● Problem to work on: The entries below contain pictures, which are to be left out; write out exactly, and only, the lines from the line with "New Revolve Bec" up to and including the line with "MOCHILA SEOUL KIPLING SILVER GL".

● Short web captions:
- - - - - - -

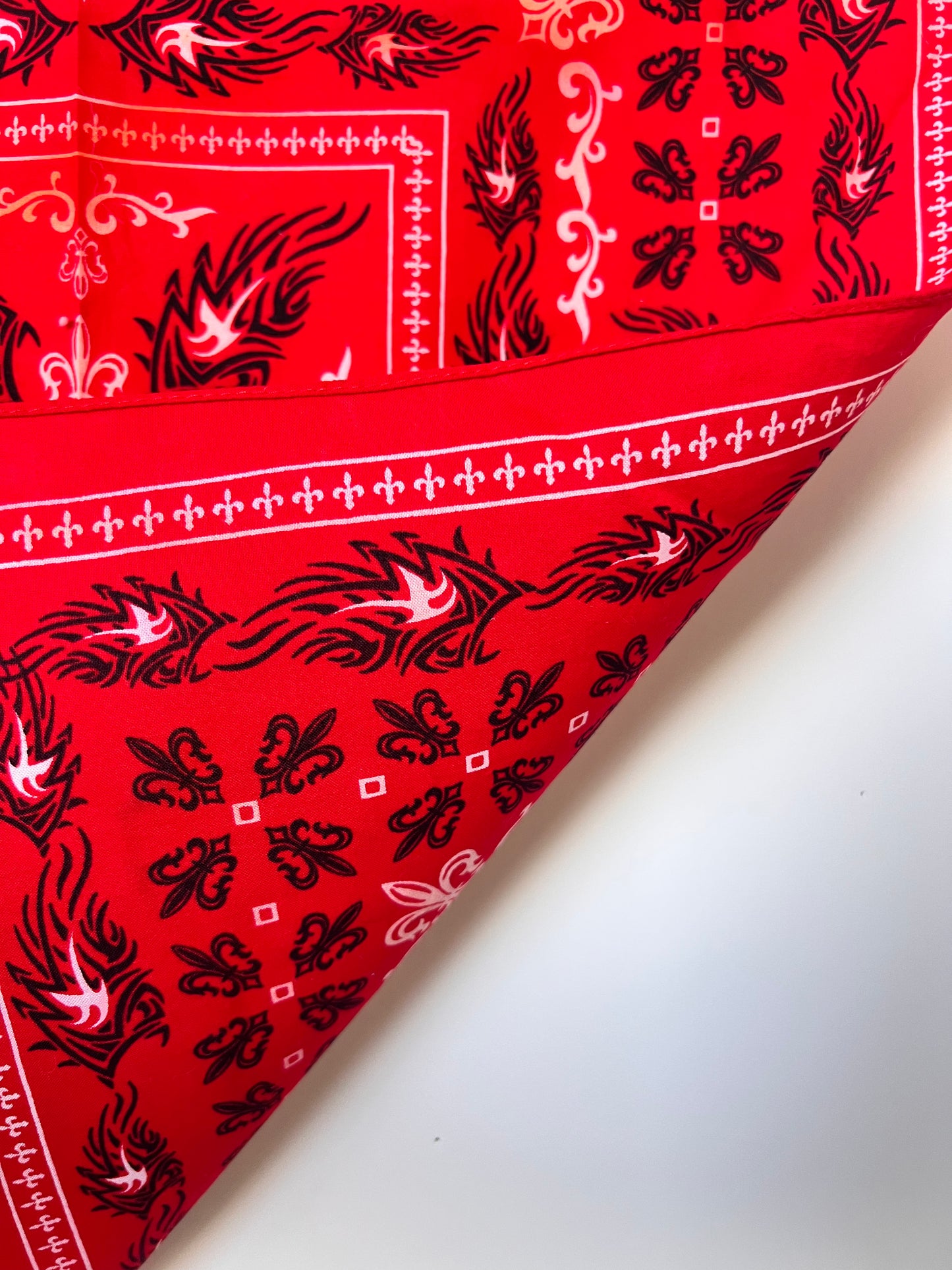 Tattoo Style Print Red Bandana - Marked Item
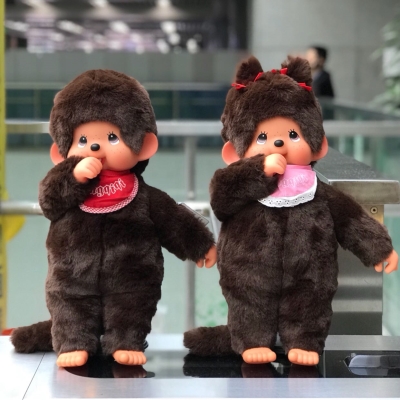 正版蒙奇奇45cm图片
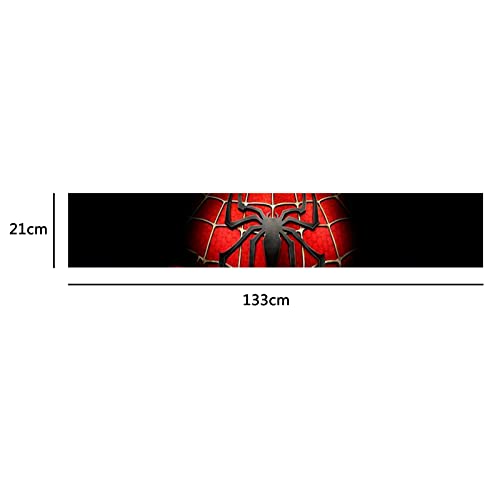 Qianbao 3D Universal Car Front Window Windshield Banner Vinyl Decal Front Rear Window Sun Strip Visor Decoration Sticker 52.3'' X8.2'',Spider #TOP1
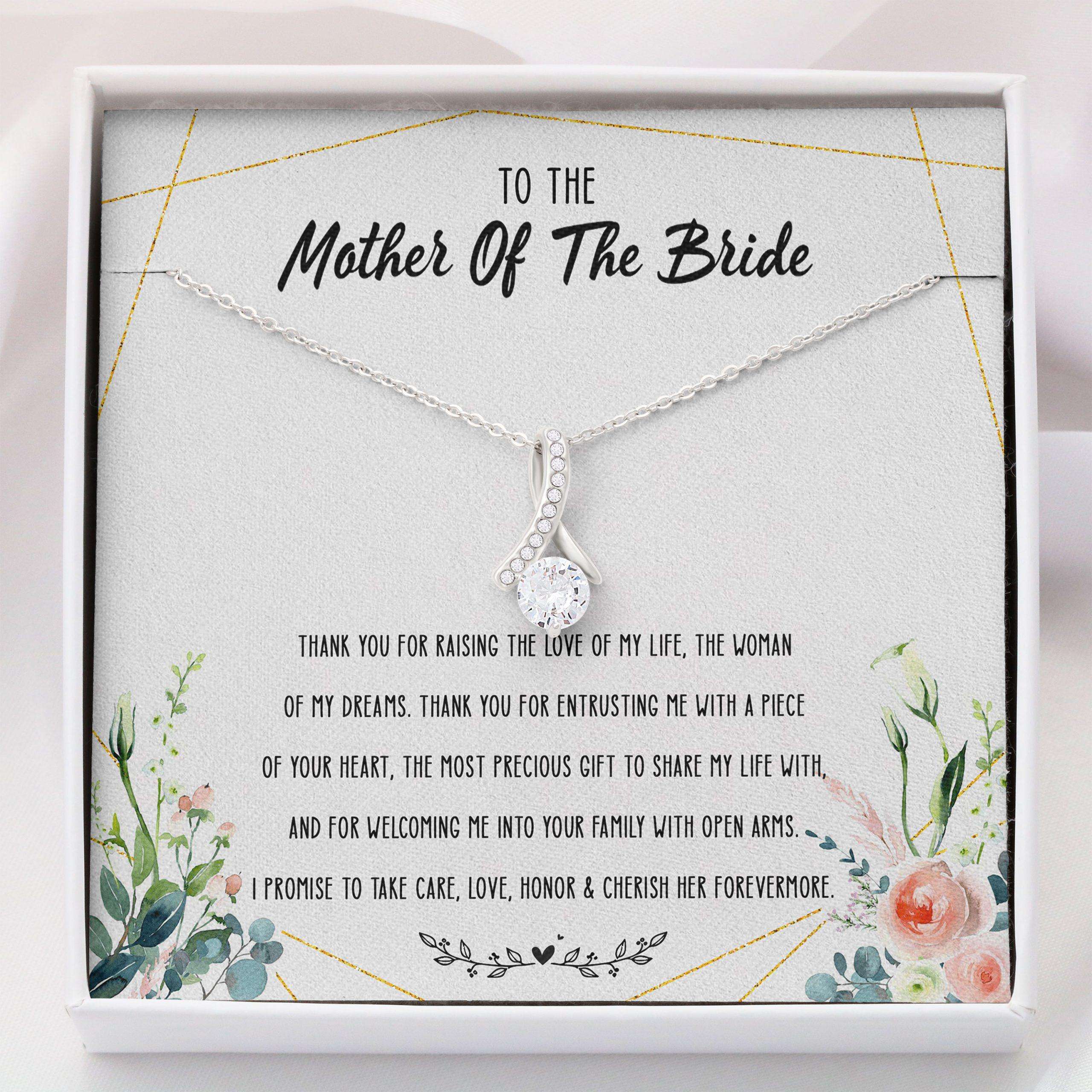 Mom Necklace, To Mother Of The Bride Gift Necklace With Box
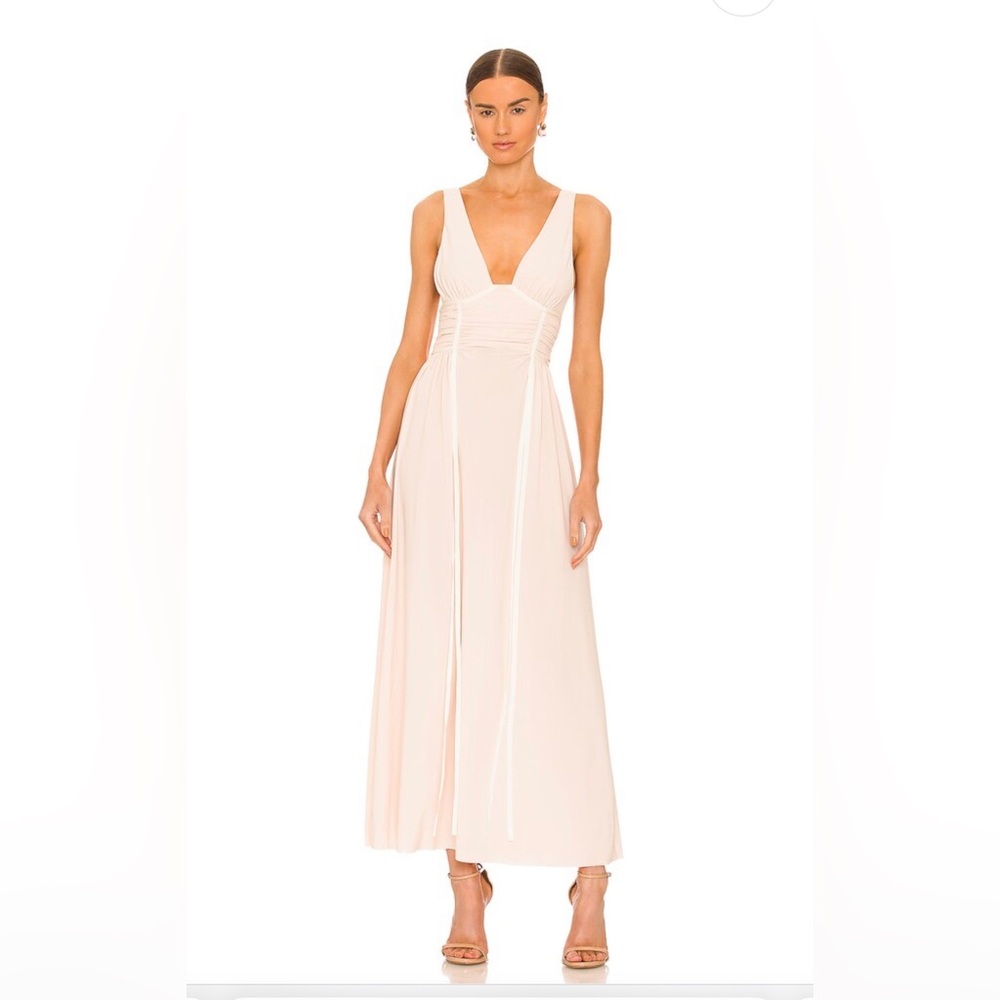 New Revolve Bec & Bridge Gwen Maxi Dress in Shell Size 10/M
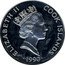 Cook Islands 50 Dollars Inca Prince 1990 Proof KM# 184 ELIZABETH II COOK ISLANDS 1990 RDM coin obverse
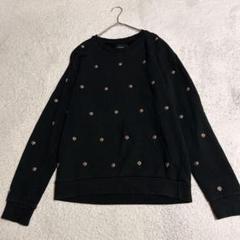ZARA トレーナー スウェット タイガー スタッズ 虎 黒 ブラック M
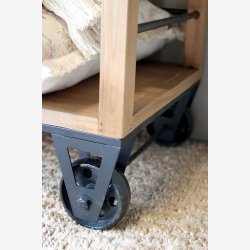 Chic Antique - Reol p hjul m. 5 hylder Natur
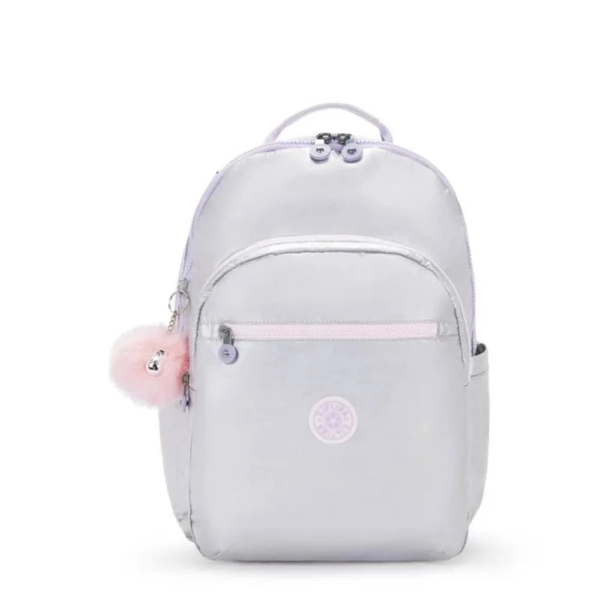 MOCHILA SEOUL KIPLING SILVER GL
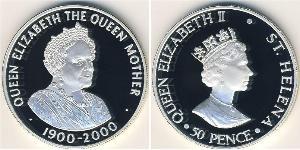 50 Penny  Argento Elisabetta II (1926-2022)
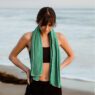 Eco friendly quick dry custom logo microfiber outdoor towel microfiber suede sports towel for gym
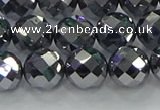 CTZ614 15.5 inches 12mm faceted round terahertz beads wholesale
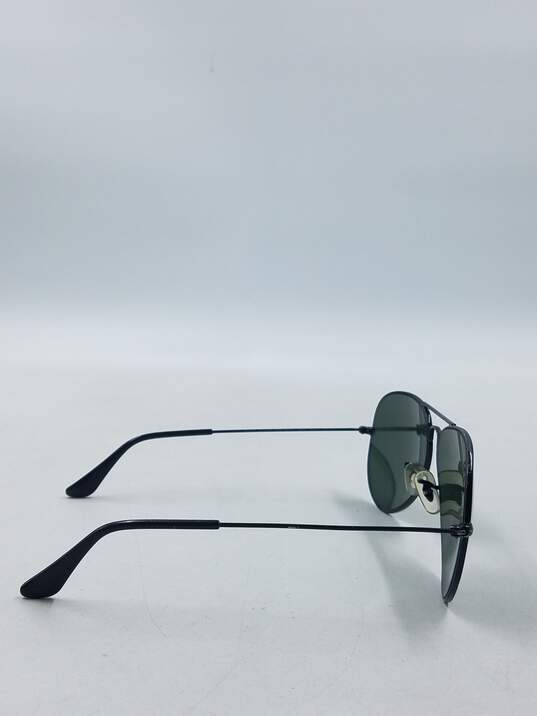 Ray-Ban Black Large Aviator Sunglasses image number 5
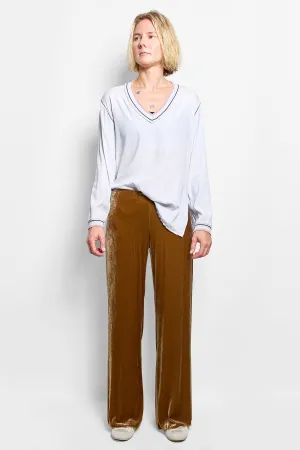 evie stretch velvet pant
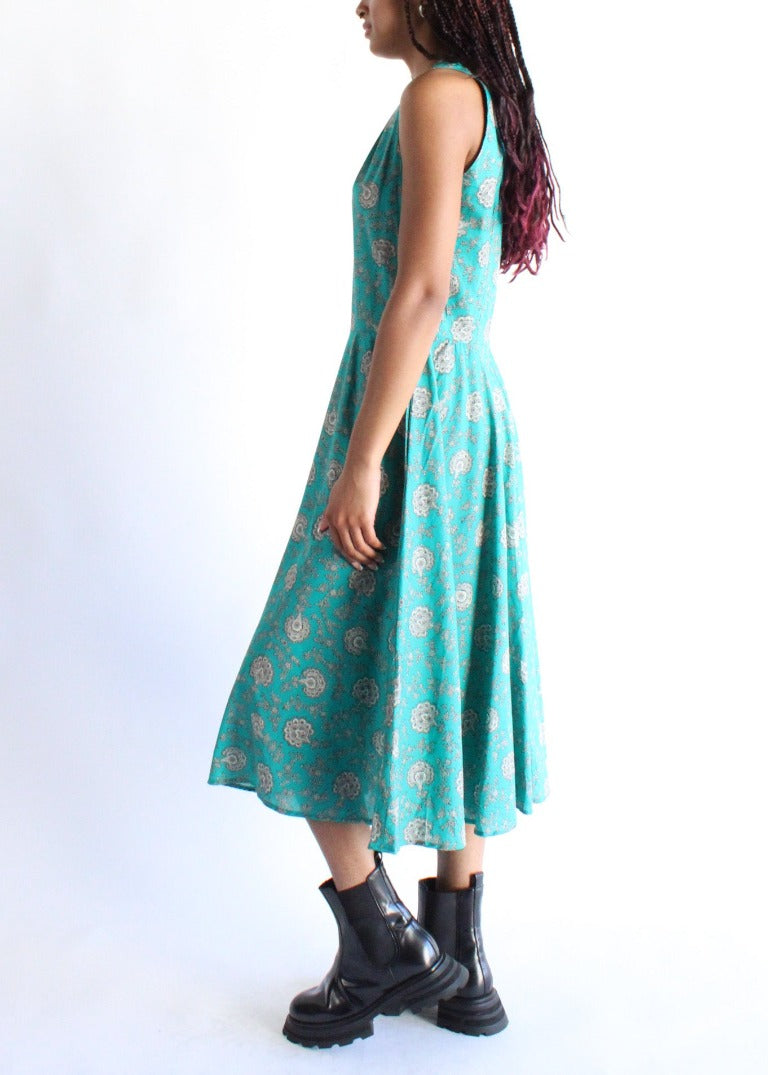Vintage Paisley Dress D0540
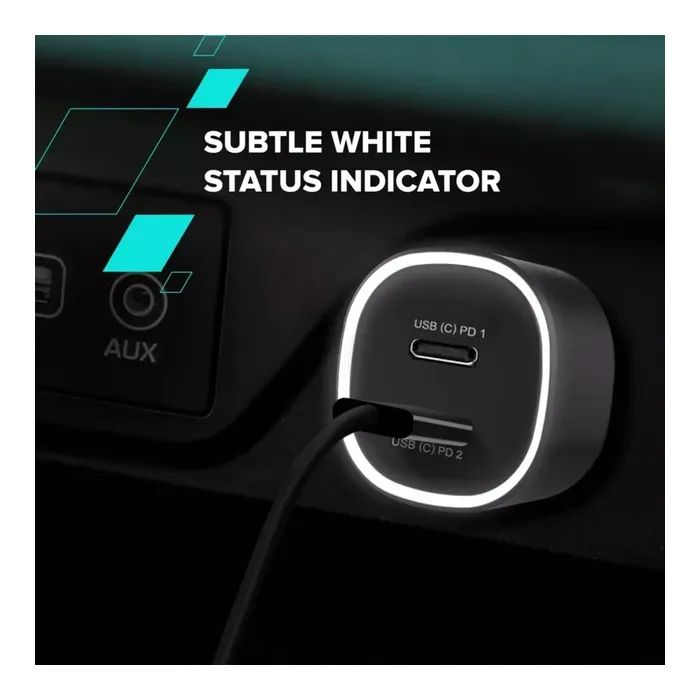 Зарядний пристрій Canyon 2xUSB-C PD60W black (CNE-CCABR3CC) зображення 9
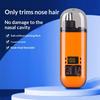 Usb Rechargeable Nose And Ear Hair Trimmer For Men, Mini Portable Electric Clipper, Quick Charging, Low Noise, Compact, Washable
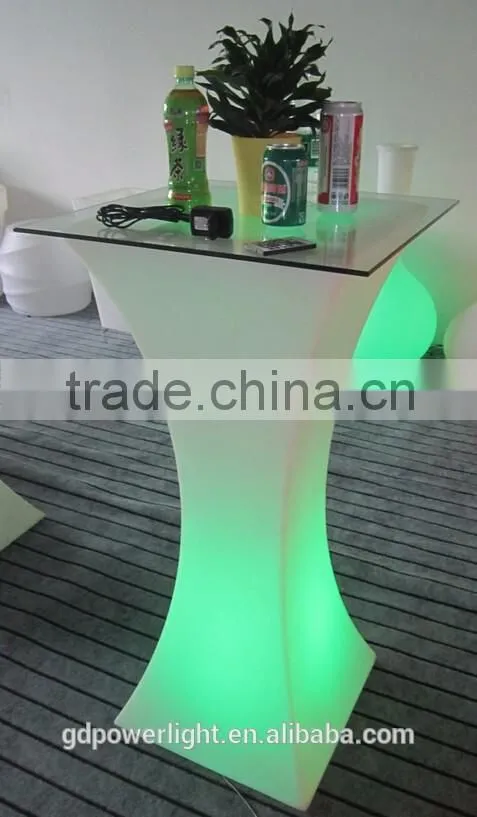 PE Plastic Bar Table with LED light and remote control YXF-6211A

- - - - - - -

● Solution to the exercise:
 New Revolve Bec & Bridge Gwen Maxi Dress in Shell Size 10/M
 Cook Islands 50 Dollars Inca Prince 1990 Proof KM# 184 ELIZABETH II COOK ISLANDS 1990 RDM coin obverse
ZARA トレーナー スウェット タイガー スタッズ 虎 黒 ブラック M
 Chic Antique - Reol p hjul m. 5 hylder Natur
 MOCHILA SEOUL KIPLING SILVER GL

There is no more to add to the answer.